What’s more, a malaria vaccine is still out of reach; the parasite’s resistance to drugs is a growing problem, as is the mosquito’s resistance to insecticide. The proposed extinction technology could eradicate the malaria mosquito, and malaria with it, within 10 years of the time mosquitoes modified to carry an extinction gene are released into the wild. Tempting stuff.

Or tempting fate? As with any new technology, the benefits of using it must be measured against possible risks. Here, the risks are two: ecological collapse and genetic escape.

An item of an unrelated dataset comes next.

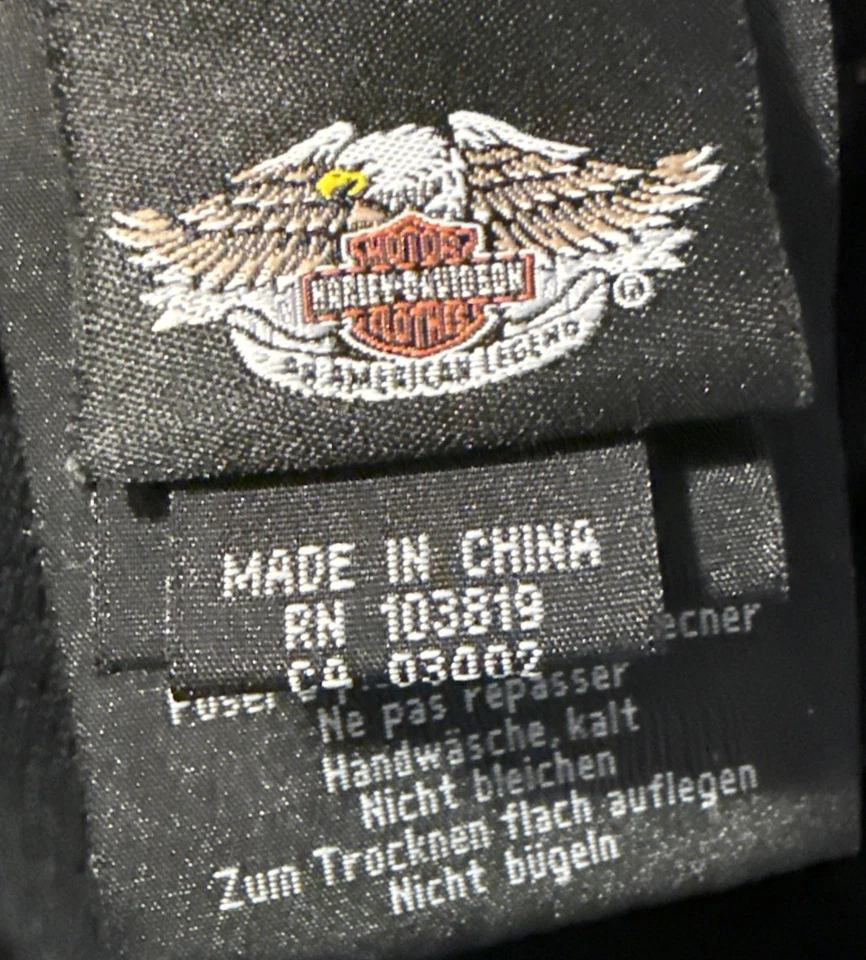 Harley Davidson All Over Beanie Flame Fire Black Orange Men Hat Bike Cap - Image 3 of 4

Genetic escape is the idea that the extinction gene might somehow get into a species other than the target and inadvertently wipe it out as well. In principle, this could happen in either of two ways.

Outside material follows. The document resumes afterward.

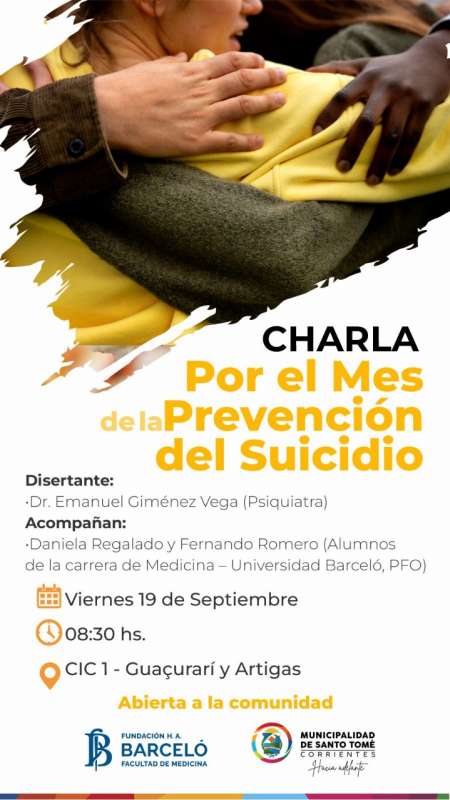 Charla Prevención del Suicidio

Anopheles mosquitoes might not be fussy about whom they mate with; if they engage in sex with mosquitoes of other species, the gene could spread into those species and eliminate them, too.

Most animals avoid sex with members of different species, so a priori, the likelihood of hybridization seems small; all the same, this is something that should be investigated experimentally before the technology is put in place.

Alternatively, the extinction gene itself might prove unstable, and jump into a different species entirely. Though such jumping is not unknown for wild selfish-genetic elements, it is rare, and the chance of this being a problem seems remote. (The risk to us from this technology is negligible. Even supposing an extinction gene appeared in humans — by accident or by malice — it would take thousands of years for extinction to be effected. During this time, it is inconceivable the gene’s spread would go unnoticed; once noticed, it could easily be stopped.)

What about the ecological impact of removing Anopheles mosquitoes? Hard to predict. But several facts are worth bearing in mind. First, our current methods of mosquito control are crude and kill more than just mosquitoes. An extinction gene at least has the benefit of being precise and clean. Second, there’s nothing sinister about extinction; species go extinct all the time.

The disappearance of a few species, while a pity, does not bring a whole ecosystem crashing down: we’re not left with a wasteland every time a species vanishes. Removing one species sometimes causes shifts in the populations of other species — but different need not mean worse.

Moreover, the earth is home to more than 2,500 species of mosquito. Even if we were to eradicate the approximately 30 species that are regular carriers of malaria, and for good measure, the Aedes mosquitoes that spread dengue and yellow fever, we’d hardly be creating a mosquito-free world. It is hard to argue that a targeted, genetic attempt to remove an insect that is clearly harmful to us is worse than the haphazard, expensive, destructive and largely unsuccessful approach we’re using now.

Nevertheless, friends of the mosquito will say that eradicating the mosquito is akin to shooting the messenger. Why not, they will surely ask, commit specicide on the malaria parasite instead? Alas, this is probably impossible to do by extinction gene: the parasite is prone to self-fertilizing, a habit that would prevent the gene’s spread.

Besides, to get the genetically modified parasite into the wild, you’d have to infect people with it, which would clearly be unethical. The obvious mosquito-saving alternative — modifying the creature so that it cannot spread the disease — is probably also unfeasible. This is technically harder than the extinction approach and there are, in any case, theoretical reasons to suppose the effort would fail.

Ideally, malaria would be defeated in other ways. Uganda has recently reported a 50 percent drop in death rates as a result of handing out free malaria medicines; if the program can be emulated and the trend sustained, perhaps by the time the technology is ready, it will no longer be needed. But if, by then, the situation is not much improved, we should consider the ultimate swatting.

Olivia Judson, an evolutionary biologist at Imperial College in London, is author of ‘Dr. Tatiana’s Sex Advice to All Creation: The Definitive Guide to the Evolutionary Biology of Sex.’